Pinkwashing strips away our voices, history and agency, telling the world that Israel knows what is best for us. By targeting pinkwashing we are reclaiming our agency, history, voices and bodies, telling the world what we want and how to support us.

8. Why do you use terms from “the West” like LGBT or queer to describe your struggle? How do you answer that critique?

Though we have occasionally been branded as tokenized, complicit with Israel, naïve and Westernized (by those based in the West), our activists bring decades of experience and on-the-ground analysis of cultural imperialism and Orientalism.
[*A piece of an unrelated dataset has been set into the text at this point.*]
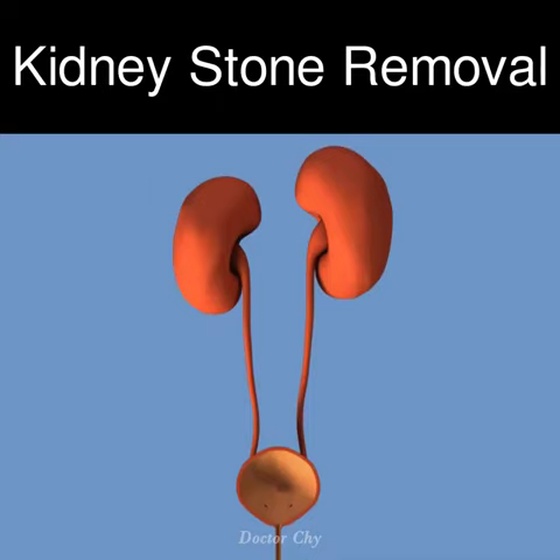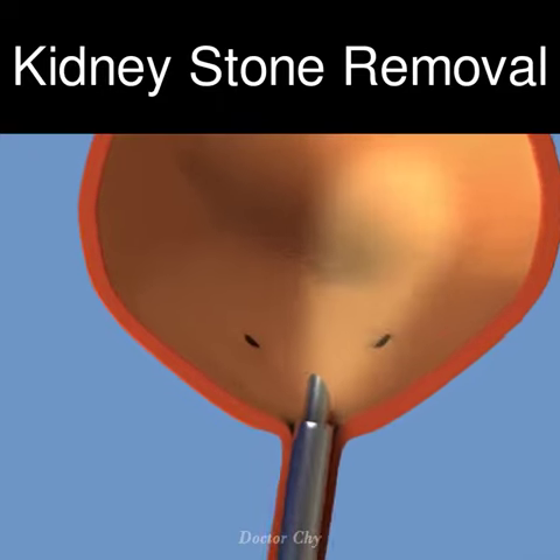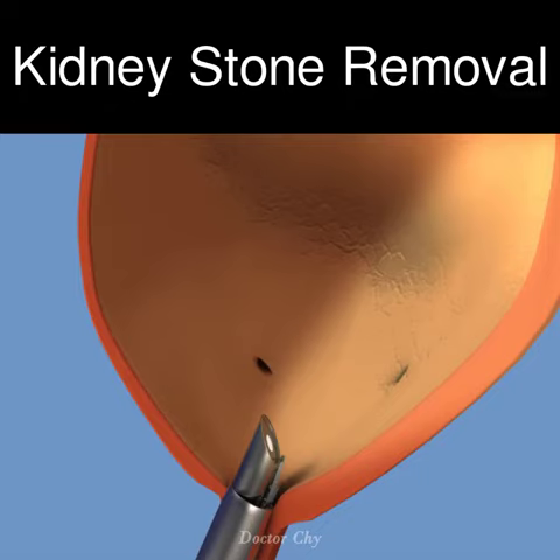Ureteroscopy is typically performed with the patient under general anaesthesia. A small tube is passed through the urethra into the bladder and from there up into the ureter and into the kidney.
This has provided the raw material for many an itinerant academic. However, the work of those in the Ivory Tower is rarely, if ever, accountable to those working in the field nor does it acknowledge its power (derived from the same colonial economy) on activists.

We are accountable to our local communities and the values developed over years of organizing.

Language is a strategy, but it does not eclipse the totality of who we are and what we do. The words that have gained global currency — LGBTQ — are used with great caution in our grassroots movements. Simply because such words emerged from a particular context and political moment does not mean they carry that same political content when deployed in our context.

The language that we use is always revisited and expanded through our work. Language catalyzes discussions and pushes us to think more critically, but no word whether in English or Arabic can do the work. Only a movement can.

Ghaith Hilal is a queer Palestinian activist from the West Bank who has been part of Al-Qaws leadership since 2007.

System Amoebae adds

There is a hell of a lot to learn here, for activists around the world. Not just about Palestine, but about how everyone approaches particular oppressions. This critique of activism in the global north should be used to examine how we should focus on root causes: patriarchy and capitalism (and different types of apartheid where applicable) — remembering that CAPITALISM is a crucial part of that. Expanding the concept of patriarchy out from how it’s typically come to be used (men holding power over women) and linking it with capitalism in its broader sense is important as well.

Overcoming our Western, identity-based conceit should be high up on our list of ‘things to do’ as activists of any kind.